How to show if $B^*=B$ and $(Bx)^*x\geq 0$ for all $x\in \mathbb{C}^n$ then $(Bv)^*v=0 \Rightarrow Bv=0$
The book arrives at a statement $$\langle Bv,h \rangle + \langle Bh,v \rangle=0.\tag1$$
where $h$ is any vector. Then it says since $h$ was arbitrary we can substitute $ih$ for $h$ and gets:} $$ -i\langle Be,h \rangle+i\langle Bh,e \rangle=0\tag2$$ Somehow $(1)$ and $(2)$ show that
$$\langle Be,h \rangle=0$$
How since the $h$ in $(1)$ and $(2)$ are different?
You say $(1)$ holds "where $h$ is any vector."
I prefer to phrase it thus: "For every vector $h,$ line $(1)$ holds."

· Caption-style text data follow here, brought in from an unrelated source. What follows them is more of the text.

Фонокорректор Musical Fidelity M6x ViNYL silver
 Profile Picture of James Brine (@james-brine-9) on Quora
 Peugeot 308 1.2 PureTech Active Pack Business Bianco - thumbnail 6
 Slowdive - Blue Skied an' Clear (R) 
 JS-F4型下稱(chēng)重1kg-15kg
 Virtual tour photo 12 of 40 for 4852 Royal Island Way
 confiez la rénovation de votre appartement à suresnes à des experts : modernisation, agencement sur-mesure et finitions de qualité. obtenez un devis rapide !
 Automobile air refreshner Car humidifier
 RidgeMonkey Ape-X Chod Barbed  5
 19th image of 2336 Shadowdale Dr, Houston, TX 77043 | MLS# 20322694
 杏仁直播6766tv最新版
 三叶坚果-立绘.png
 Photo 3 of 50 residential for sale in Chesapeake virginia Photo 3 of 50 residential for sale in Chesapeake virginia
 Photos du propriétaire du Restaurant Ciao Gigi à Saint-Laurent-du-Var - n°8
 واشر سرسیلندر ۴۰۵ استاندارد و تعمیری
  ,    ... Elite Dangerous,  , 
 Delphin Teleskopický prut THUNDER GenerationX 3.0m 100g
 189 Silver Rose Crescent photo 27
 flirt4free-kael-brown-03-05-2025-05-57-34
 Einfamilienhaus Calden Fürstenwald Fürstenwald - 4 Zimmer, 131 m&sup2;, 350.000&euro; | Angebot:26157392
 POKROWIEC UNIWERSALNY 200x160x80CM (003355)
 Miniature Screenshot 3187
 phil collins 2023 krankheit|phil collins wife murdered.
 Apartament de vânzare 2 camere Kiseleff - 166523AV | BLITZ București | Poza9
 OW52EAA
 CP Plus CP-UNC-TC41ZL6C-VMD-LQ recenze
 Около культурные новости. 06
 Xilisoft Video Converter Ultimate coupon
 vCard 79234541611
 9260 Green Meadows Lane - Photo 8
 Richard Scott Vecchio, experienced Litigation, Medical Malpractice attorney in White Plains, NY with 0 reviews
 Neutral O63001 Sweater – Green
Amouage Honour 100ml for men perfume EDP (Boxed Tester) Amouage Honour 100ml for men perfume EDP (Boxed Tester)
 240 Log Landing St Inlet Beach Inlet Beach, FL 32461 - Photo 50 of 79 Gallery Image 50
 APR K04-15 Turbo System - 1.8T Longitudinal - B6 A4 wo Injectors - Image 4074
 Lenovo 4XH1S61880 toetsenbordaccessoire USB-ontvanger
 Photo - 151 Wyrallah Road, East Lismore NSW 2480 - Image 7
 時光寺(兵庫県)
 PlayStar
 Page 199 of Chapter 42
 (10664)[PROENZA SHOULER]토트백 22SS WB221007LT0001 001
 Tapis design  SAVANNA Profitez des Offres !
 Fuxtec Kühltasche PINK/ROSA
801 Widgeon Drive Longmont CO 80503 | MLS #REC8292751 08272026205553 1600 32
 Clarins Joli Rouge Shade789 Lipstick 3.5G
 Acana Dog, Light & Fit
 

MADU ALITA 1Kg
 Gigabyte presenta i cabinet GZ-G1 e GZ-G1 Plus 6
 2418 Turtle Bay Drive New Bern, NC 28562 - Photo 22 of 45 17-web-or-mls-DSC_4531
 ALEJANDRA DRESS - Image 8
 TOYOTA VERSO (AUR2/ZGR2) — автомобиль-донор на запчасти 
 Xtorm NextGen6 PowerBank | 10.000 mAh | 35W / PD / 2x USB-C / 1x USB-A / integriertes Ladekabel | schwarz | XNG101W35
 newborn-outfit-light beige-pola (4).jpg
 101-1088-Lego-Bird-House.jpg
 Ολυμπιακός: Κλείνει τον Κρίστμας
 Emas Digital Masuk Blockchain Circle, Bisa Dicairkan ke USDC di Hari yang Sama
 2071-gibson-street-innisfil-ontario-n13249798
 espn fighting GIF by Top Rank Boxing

The word "where" should not be used as a quantifier. It should be used for such things as "where $h$ is Planck's constant", etc.
If a statement is true of every vector and $ih$ is a vector, then that statement is true of $ih.$
Dividing both sides of $(2)$ by $i,$ you get $$-\langle Be, h\rangle +\langle Bh,e\rangle=0.\tag3$$
The word "every" remains. For every vector $h,$ line $(1)$ holds, and for every vector $h,$ line $(3)$ holds. Thus they must hold when the same vector is put in both places.